During his MLB career, Stephenson compiled a won–lost record of 8–19, 184 strikeouts, three complete games, one save, and a 5.70 earned run average in 67 games (33 as a starting pitcher) and 2381/3 innings pitched. He allowed 265 hits and 145 bases on balls. His one save came on August 19, 1967, during the Red Sox "Impossible Dream" season. Stephenson got the last two outs against the California Angels to close out a wild 12–11 Red Sox victory at Fenway Park. He also pitched in relief during Game 4 of the 1967 World Series.

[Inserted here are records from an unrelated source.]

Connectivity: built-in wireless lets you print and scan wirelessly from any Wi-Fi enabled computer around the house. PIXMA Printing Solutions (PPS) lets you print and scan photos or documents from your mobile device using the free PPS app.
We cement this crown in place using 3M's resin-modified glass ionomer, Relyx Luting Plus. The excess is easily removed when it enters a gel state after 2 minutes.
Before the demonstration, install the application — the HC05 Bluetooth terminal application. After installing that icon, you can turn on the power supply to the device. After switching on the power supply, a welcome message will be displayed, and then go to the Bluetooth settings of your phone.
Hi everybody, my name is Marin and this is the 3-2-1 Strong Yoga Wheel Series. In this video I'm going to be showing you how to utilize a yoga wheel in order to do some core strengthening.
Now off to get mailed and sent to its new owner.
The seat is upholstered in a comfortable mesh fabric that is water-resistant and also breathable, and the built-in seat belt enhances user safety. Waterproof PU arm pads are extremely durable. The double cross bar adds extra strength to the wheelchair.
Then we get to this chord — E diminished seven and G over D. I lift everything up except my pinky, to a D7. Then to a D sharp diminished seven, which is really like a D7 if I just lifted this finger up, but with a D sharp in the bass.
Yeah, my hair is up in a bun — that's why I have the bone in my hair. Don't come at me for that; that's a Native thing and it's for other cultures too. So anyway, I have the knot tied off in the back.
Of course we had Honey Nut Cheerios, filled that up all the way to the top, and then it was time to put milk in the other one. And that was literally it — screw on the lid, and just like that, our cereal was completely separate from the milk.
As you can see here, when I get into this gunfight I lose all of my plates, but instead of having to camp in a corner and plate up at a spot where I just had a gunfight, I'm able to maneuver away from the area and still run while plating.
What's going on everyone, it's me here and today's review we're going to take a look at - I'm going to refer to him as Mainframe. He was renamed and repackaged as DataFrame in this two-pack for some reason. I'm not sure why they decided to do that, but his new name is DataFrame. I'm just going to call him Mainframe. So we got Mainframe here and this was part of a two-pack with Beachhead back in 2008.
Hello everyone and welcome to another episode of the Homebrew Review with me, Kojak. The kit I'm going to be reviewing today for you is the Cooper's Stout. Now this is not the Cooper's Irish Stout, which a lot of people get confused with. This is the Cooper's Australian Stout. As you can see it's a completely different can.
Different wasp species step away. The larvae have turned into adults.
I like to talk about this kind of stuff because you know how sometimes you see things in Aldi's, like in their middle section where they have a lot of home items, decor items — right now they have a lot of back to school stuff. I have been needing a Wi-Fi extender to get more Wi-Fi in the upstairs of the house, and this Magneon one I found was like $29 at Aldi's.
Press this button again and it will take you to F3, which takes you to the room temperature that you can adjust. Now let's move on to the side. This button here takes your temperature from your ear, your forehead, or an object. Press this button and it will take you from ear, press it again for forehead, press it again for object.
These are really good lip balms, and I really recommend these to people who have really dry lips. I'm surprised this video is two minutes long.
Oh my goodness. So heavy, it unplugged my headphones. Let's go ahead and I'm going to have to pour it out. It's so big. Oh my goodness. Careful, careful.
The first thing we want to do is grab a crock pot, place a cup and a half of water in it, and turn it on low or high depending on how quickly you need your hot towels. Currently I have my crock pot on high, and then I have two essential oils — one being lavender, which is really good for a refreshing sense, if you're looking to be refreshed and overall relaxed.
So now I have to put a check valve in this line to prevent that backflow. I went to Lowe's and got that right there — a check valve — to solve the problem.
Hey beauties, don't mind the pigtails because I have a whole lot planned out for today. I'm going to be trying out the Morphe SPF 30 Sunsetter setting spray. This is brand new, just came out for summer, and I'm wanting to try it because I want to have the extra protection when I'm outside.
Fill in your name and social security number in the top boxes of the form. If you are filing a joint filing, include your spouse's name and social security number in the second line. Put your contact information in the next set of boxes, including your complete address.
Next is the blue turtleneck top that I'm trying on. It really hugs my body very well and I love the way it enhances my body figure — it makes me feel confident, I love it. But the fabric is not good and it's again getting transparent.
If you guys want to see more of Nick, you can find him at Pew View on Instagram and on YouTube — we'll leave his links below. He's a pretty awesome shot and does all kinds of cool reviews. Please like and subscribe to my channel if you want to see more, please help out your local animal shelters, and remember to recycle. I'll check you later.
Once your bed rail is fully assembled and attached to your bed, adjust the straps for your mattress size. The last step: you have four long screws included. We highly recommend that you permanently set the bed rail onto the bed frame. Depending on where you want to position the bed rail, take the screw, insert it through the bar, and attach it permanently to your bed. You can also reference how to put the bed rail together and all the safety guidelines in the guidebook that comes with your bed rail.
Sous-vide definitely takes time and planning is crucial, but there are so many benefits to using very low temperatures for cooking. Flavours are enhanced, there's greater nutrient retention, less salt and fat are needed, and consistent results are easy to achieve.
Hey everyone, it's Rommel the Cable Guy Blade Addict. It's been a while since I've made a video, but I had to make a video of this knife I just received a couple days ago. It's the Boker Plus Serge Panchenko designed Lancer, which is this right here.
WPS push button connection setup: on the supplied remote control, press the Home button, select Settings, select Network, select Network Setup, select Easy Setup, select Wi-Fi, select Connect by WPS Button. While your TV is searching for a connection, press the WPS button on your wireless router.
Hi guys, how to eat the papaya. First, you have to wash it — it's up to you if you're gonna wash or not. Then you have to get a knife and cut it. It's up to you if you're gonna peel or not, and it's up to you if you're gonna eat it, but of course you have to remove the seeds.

Following in his father's footsteps, Stephenson spent 36 years as a Major League scout, working with the Dodgers (1974–94) and Red Sox (1995–2009) before his retirement to part-time status after the season. His son Brian Stephenson, a former minor league pitcher, is a regional crosschecker for the Dodgers — the third generation of the family to serve as an MLB scout.

Stephenson died from cancer at his home in Anaheim on Sunday, June 6, 2010, at the age of 66.